Work instruction:
Your answer should repeat the listing in full, with no line missing or altered.

*** Raw data ***

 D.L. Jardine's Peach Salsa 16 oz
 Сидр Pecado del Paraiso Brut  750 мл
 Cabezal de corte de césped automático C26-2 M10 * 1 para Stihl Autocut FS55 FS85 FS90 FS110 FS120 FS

*** End of Raw data ***

Task solution:
 D.L. Jardine's Peach Salsa 16 oz
 Сидр Pecado del Paraiso Brut  750 мл
 Cabezal de corte de césped automático C26-2 M10 * 1 para Stihl Autocut FS55 FS85 FS90 FS110 FS120 FS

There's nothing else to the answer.